Mac Montandon has written for the New York Times, New York, Details, and Spin, among others. He is the editor of Innocent When You Dream: The Tom Waits Reader, and founding editor of The Silence of the City (silenceofthecity.com). Mac lives in Brooklyn, New York, with his wife and two daughters.
it took me multiple tries over multiple years to finally finish this thing. so many starts and stops. while it has its engrossing moments, in the end it's too much mac montadon personal history, as told all esquire-esque longform journalism, and superfluous details about oddball hangers-on. but it's not nearly enough text or information about the science or future possibilities of the jetpack, or the space age in general. i really expected more from this, but since it was a dollar tree find and has been sitting on my shelf for over 5 years, it's not nearly the money-suck it could have been. and the steve agnew/yakima connection was fun, if brief. read it if you're a jetpack dreamer or midcentury futurism aficionado, but dont' expect anything earth shattering (or sound barrier breaking, or space-time reconfiguring, or...)
Pretty fun little book following the author's search for jetpacks (rocket belts, mostly.) Their history, their science, why they won't really work for general use. Mostly, though, this is a celebration of the wacky people who are attracted to jetpacks, their different approaches to building them, and their successes and failures.
I.5. I'm the generation that grew up "knowing" that jetpacks were as inevitable as the three-day work week and lunar colonies. Montandon looks at the history of the tech, the long fictional history (including James Bond, The Rocketeer and Buck Rogers) and the problems with making it an everyday reality (it has to be light enough to wear, yet hold enough fuel for long flights). Unfortunately that's maybe a quarter of the book. Montandon suffers from the delusion we'll be as interested in him researching the subject as in the topic itself. We get details of his road trips to meet various inventors (he must have written off a lot of travel on his expense account), stories of his friends, his meetings with various guys working on jetpacks today ... I skimmed two thirds of the book. Won't be keeping this one on my shelves.
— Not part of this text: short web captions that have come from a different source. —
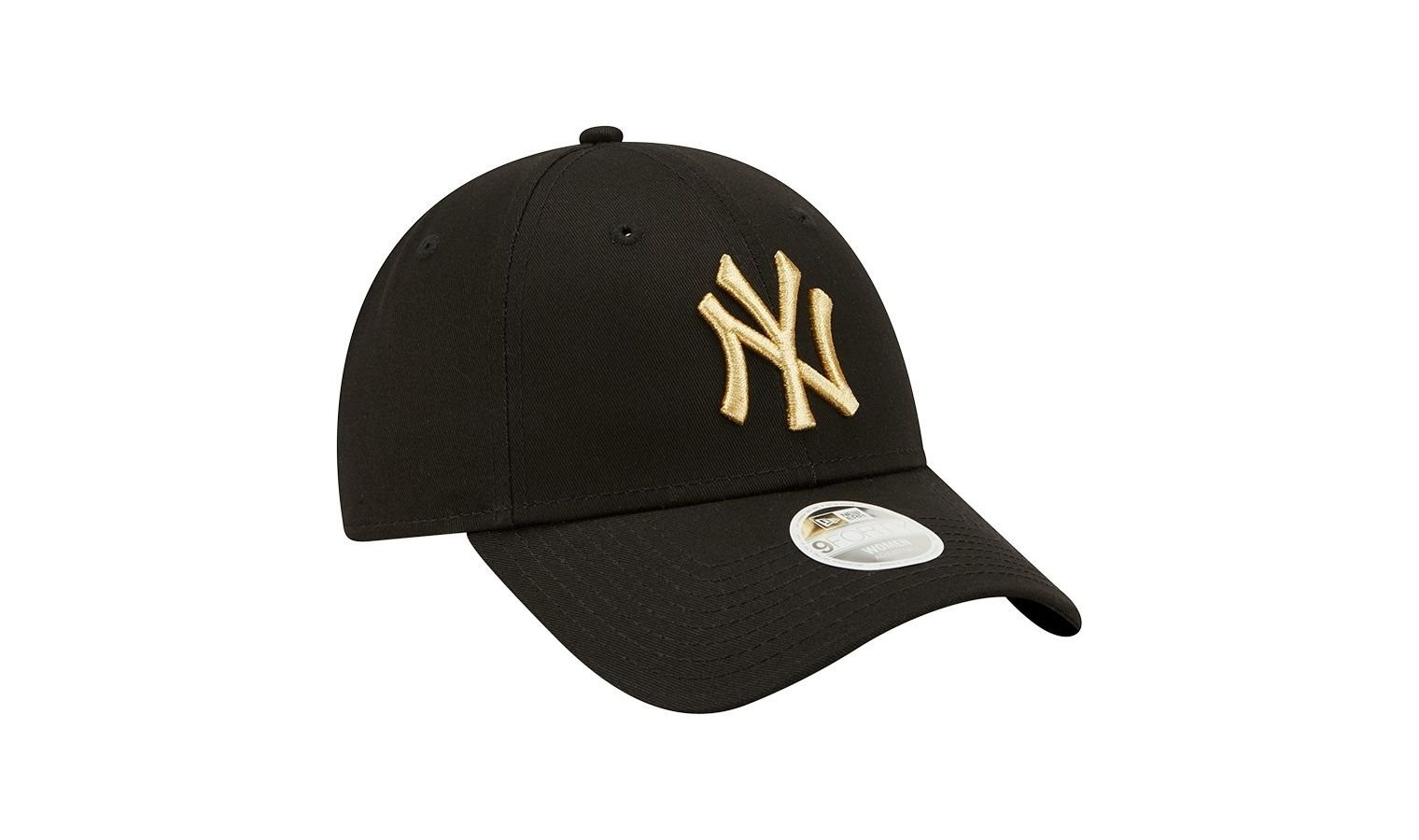 NEW ERA WMNS METALLIC LOGO 9FORTY NY BLK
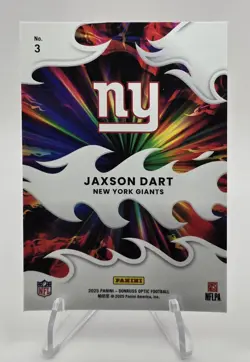 2025 Optic Football Jaxon Dart 4 Card Lot- Fireworks/my House/light It Up/base - Image 5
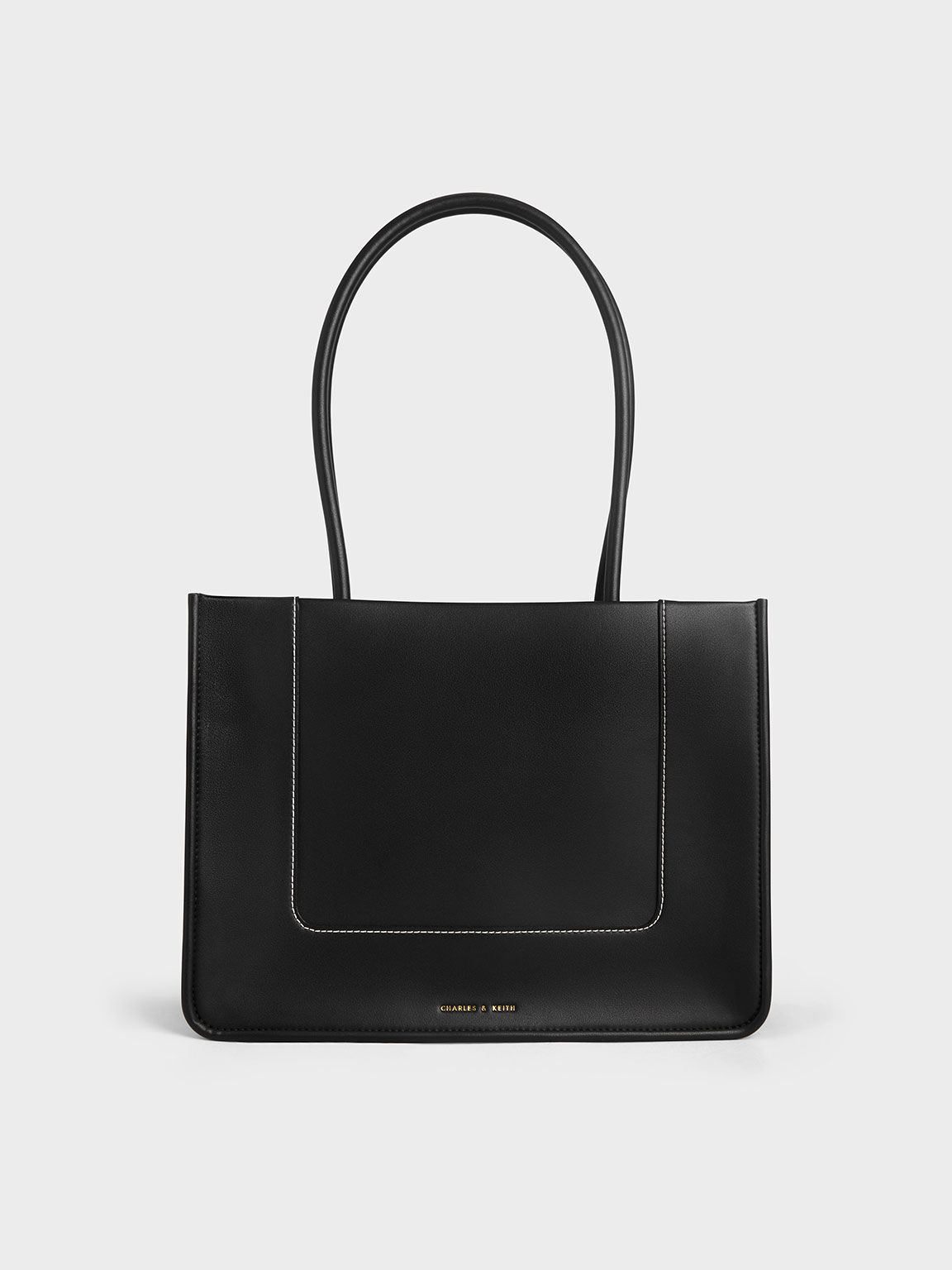 Black Daylla Large Tote Bag - CHARLES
The book isn't as interesting as it's premise. A slim volume that took way longer to read than it should have. It probably would've made a great magazine article, but reading about the similar failures of several jet-pack enthusiasts chapter after chapter got to be pretty monotonous over time. There are a few engaging bits here and there,but not enough to keep me from putting the book down every 10 pages or so.
Truth is, I abandoned this book at about two-thirds in. Everyone close to me knows I want a jetpack and feel personally slighted by a scientific community that told me is have one by now. Long ago, actually! The book is well written and researched..I just couldn't take any more explanations about why so many people have failed to make the promise of a jetpack happen.
I could've done with more science and/or history instead of not-quite-memoir family chat, but I did enjoy the narration of his meetings with quirky jetpack people.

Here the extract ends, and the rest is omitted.